> Given material
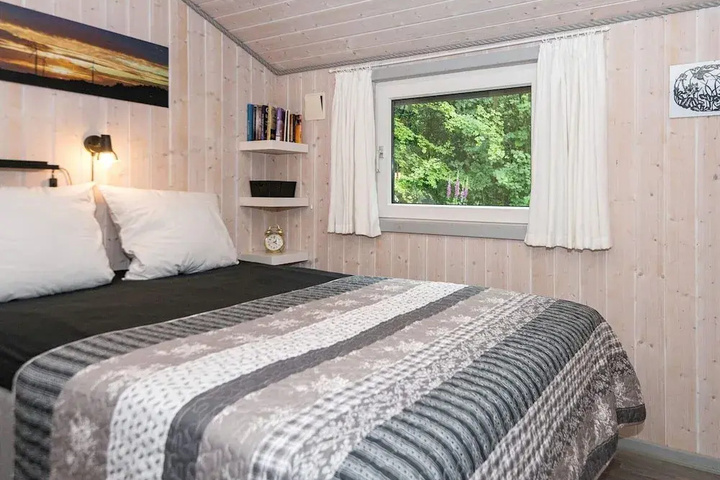 Room 2 of 10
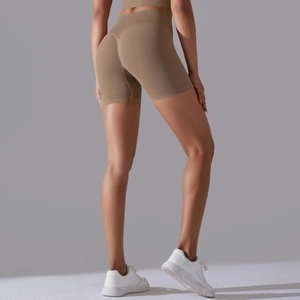 Détail du short de yoga sans couture taille haute avec effet push up fessier en marron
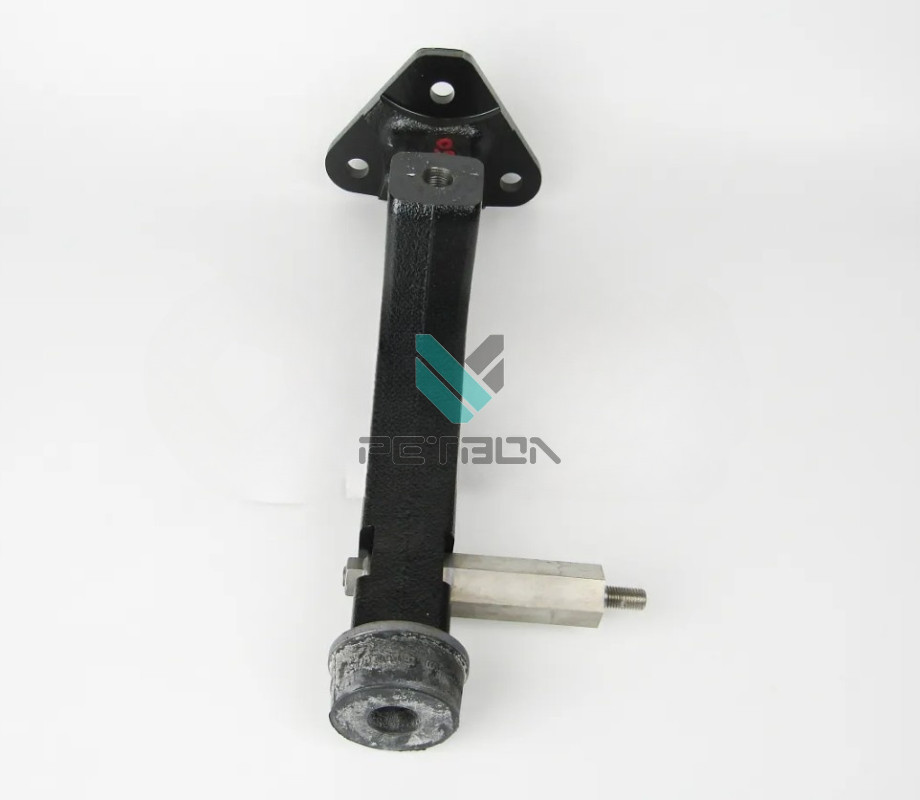 Кронштейн передней опоры кабины 54901 левый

> Task directions
Set down the material above as is, without any pictures.

> Answer to the problem
 Room 2 of 10
 Détail du short de yoga sans couture taille haute avec effet push up fessier en marron
 Кронштейн передней опоры кабины 54901 левый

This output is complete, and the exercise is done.